Matthew Dickerson, Following Gandalf (Brazos, 2003)
In the cult classic film, Strange Brew, Bob Mackenzie (played by Rick Moranis) finds himself trapped in a vat of beer. He laments, "I used to think that drowning in beer would be heaven, but this really sucks." Likewise, those of us who have enjoyed the works of Tolkien for years would have similarly said half a decade ago that not being able to keep up with new books on Tolkien would be a heavenly situation, but now that we're there, it really does suck. Many of the books being published consist of half-baked ideas (when they are baked at all) and seem to exist mostly to capitalize on the popularity of The Lord of the Rings to sell units for the publisher.
Yes, I'm become callous and cynical when an editor approaches me with a new Tolkien-related book to review. What used to be a moment of excitement is now a moment of dread. "Oh, no. Not another Tolkien study that reads like a freshman term-paper failure."
I am, thus, very, very happy to announce that Matthew Dickerson's Following Gandalf: Epic Battles and Moral Victories in the Lord of the Rings is one of the best Tolkien-studies books to be published in recent years. The title can be misleading, however, if (like me) you think it sounds a little too reminiscent of Walking in Frodo's Footsteps, which turned out to be much like Tolkien's Virtues and Finding God in the Lord of the Rings, viz., a book that used the Tolkien's text for the author's ends rather than submitted to Tolkien's text to plumb its depths for riches. No, Dickerson's book merely has an unfortunate title, but if you can get beyond the title, you'll find a wonderfully rich analysis of the true battles of The Lord of the Rings: not the physical battles of the recent films, but the internal, spiritual, moral battles of the main characters.
Because of the influence of Peter Jackson's films, however, Dickerson spends the first chapter of his book showing how The Lord of the Rings does not glorify battle, but actually does quite the opposite, and instead shows how battles are a necessary evil in times of great moral conflict. With this simple (but not simplistic) analysis, Dickerson effectively shifts the topic of discussion from a politically correct diatribe against Tolkien the 'war glorifier' to Tolkien the veteran with subtle nuances. Dickerson redeems the conversation from the simplistic politically correct discussion of war=bad and peace=non-violence, to the more complex discussion of how the individual is affected by the moral turpitude of war. Thus, does Dickerson set the stage for his further analysis of the true victories found within The Lord of the Rings: the moral victories of those who find themselves caught up in the great War of the Ring.
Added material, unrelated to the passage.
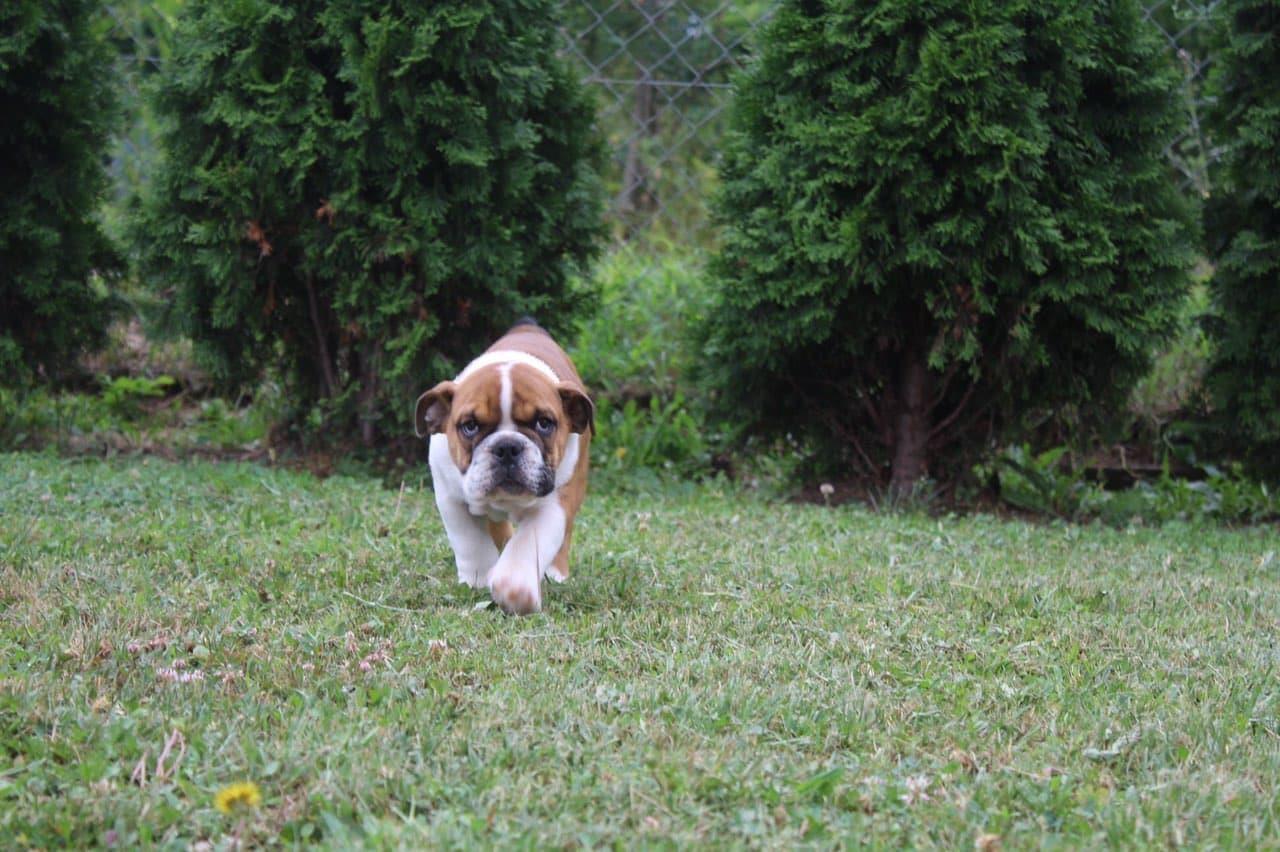 Engleski-buldog-štene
Dickerson's next move to strengthen his thesis is a discussion of the Wise within Middle-earth. He shows show Tolkien establishes that true power lies not in military strength but rather in moral wisdom. The prime examples of this are the wizards Saruman and Gandalf. Saruman seeks power in military strength and ends up a pathetic old man at the conclusion of the war, while Gandalf, who never seeks military strength, but rather moral strength, ends up being the true victor.
Central to Dickerson's argument is the issue of human agency. In many discussions of war the individual soldier is often pictured as a mere tool of the generals. Too often do we hear a refrain similar to 'I did just what I was told' (especially in some of the stories coming out of the current war efforts). Dickerson deftly shows how, for Tolkien, that is never an excuse: the individual always has a choice in how to act morally, for the true battle goes on not in how armies are arranged on the battlefield, but in the heart of each and every person arrayed on the battlefield. Aleksandr Solzhenitsyn once commented that the line between good and evil cuts through every human heart, and Dickerson rightly shows Tolkien as being a part of that tradition of thought.
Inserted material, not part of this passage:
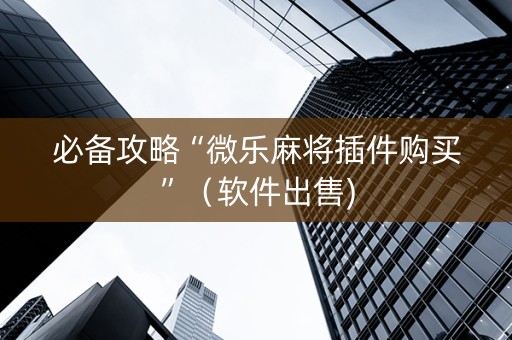 必备攻略“微乐麻将插件购买”（软件出售)
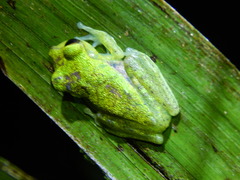 Boana nympha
It is in this very discussion of human agency that Dickerson shows how he is submitting to the text, rather than making the text submit to him. The whole discussion of human agency is a difficult one if one begins from a point of view of a sovereign deity. There are few moral issues more divisive than the discussion of just such a relationship. Tolkien took the middle road and in his Middle-earth there is both a sovereign deity as well as human agency. Dickerson does not attempt to reconcile and work out Tolkien's view, but rather presents it for what it is and instead show how such a view works to strengthen the moral message of the book. In the hands of a polemicist, this issue of human agency in Tolkien can become whatever the author wants, but Dickerson instead allows Tolkien to speak for himself and shows that whichever stand the reader takes, one must take Tolkien's stand to understand The Lord of the Rings.
In short, Following Gandalf is a book definitely worth reading. Even if you are not a die-hard Tolkien fanatic, it's still a great example of what good literary criticism should do: it makes the reader want to return to the original text and pore over it yet again and again to find those things missed in earlier readings.